Exploring the origin of ice-filled craters in the north polar region of Mars

Hovius, Niels; Conway, Susan; Barnie, T.; Besserer, J.; Le Mouélic, S. and Read, N. (2010). Exploring the origin of ice-filled craters in the north polar region of Mars. In: EGU General Assembly 2010, 2-7 May 2010, Vienna, Austria, p. 15299.

URL: http://meetingorganizer.copernicus.org/EGU2010/EGU...


We investigate the origins of enigmatic ice-filled craters in the north polar region of Mars. We test several explanations for their origin, namely: (1) as polar cap remnants (2) accumulation independently of the polar cap, and (3) upwelling of subsurface water, analogous to either aufice or pingo formation on Earth. Each of these hypotheses has a significant impact on our understanding of Mars’ recent geological and climatic history and the behaviour of water and water ice at high latitudes.

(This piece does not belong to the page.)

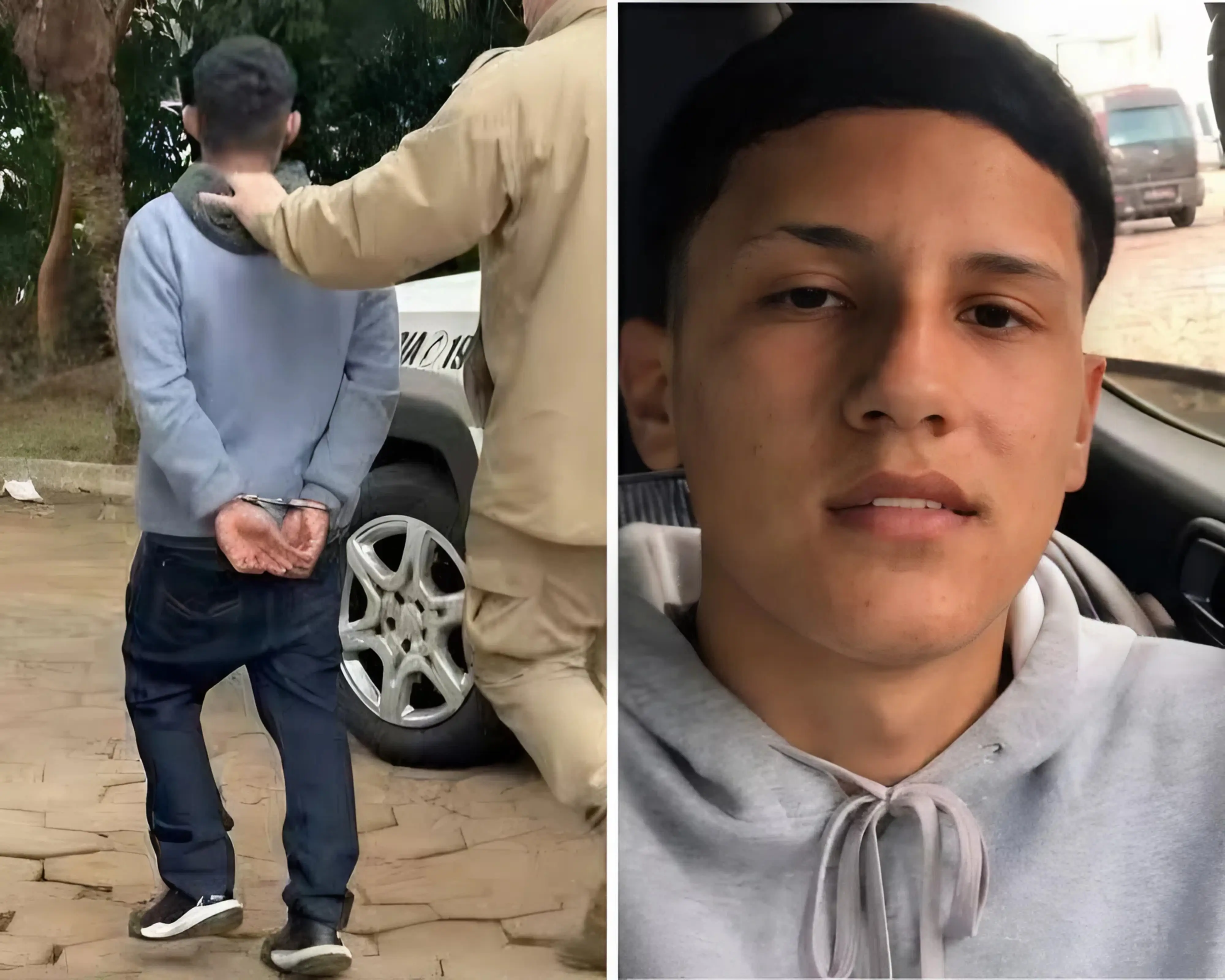Vídeo mostra momento em que adolescente é apreendido após esfaquear colega em escola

We used several lines of evidence to assess the most likely formation mechanism. We first performed a crater survey based on THEMIS visual data and MOLA elevation data to identify any craters that had domal central lumps which were different from normal central peaks. From this survey we identified 17 craters for further study. These include Louth, Korolev, Dokka and other unnamed craters. Using data from orbiting spectrometers; OMEGA on ESA’s Mars Express and CRISM on NASA’s Mars Reconnaissance Orbiter; we verified that the composition of the exposed central domes was predominantly water ice.

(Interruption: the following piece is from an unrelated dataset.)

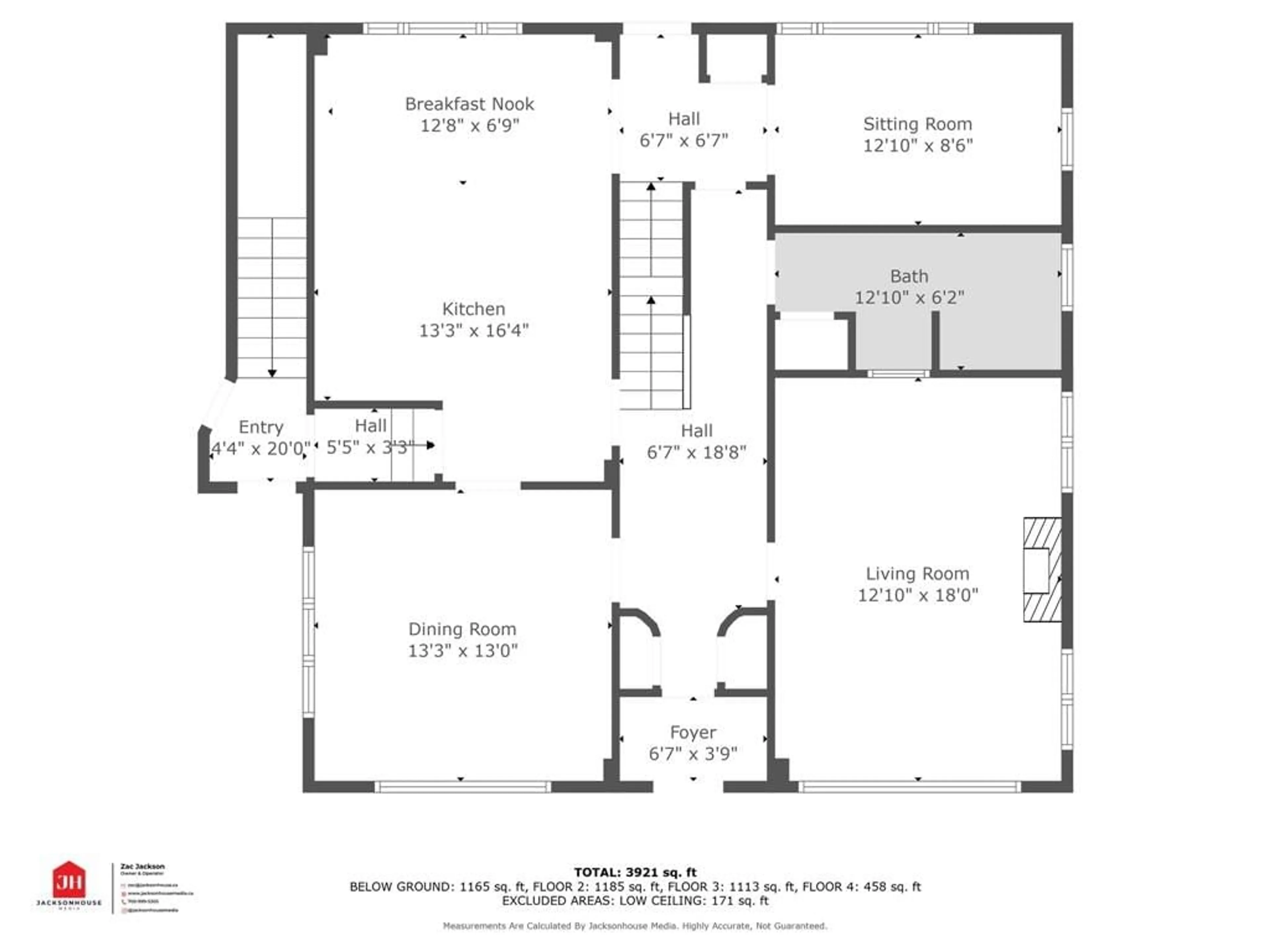 Floor plan for 81 Clapperton St, Barrie Ontario L4M 3G1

We found the domes fell into three groups: (1) those completely covered by dunes, (2) those partially covered by dunes and (3) those with no dunes. We investigated the morphology and the relative position of the domes using MOLA elevation data. We found that the domes are always asymmetrically placed within the craters. However, this asymmetry could not easily be linked to wind directions as revealed by dune slip-faces [2]. The domes often have a moat-like structure and in some cases do not cover the entire crater floor, e.g. Louth Crater. From image data, we identified six craters which possessed internal stratigraphy, in the form of regularly spaced layers, and of these we have inspected three in detail. We found that the layers possess both strong sinuosity and high angle unconformities.

We interpret the internal stratigraphy as representing a sequence of regular cyclic accumulations, which produced the layers, followed by asymmetric ablation and subsequent resumption of accumulation, to produce the unconformities. Hence, the present-day shape of the domes indicates that they are in a phase of ablation.We attribute the colour contrasts between layers to different levels of dust, or particulate content. This could form a source for the dunes, which are often located on the summits of these domes. We find that this sequence is best explained by a model of atmospheric condensation. Our measurements of internal layer spacing and observations of layer stratigraphy argues that these deposits are not linked directly to a former, more extensive polar cap.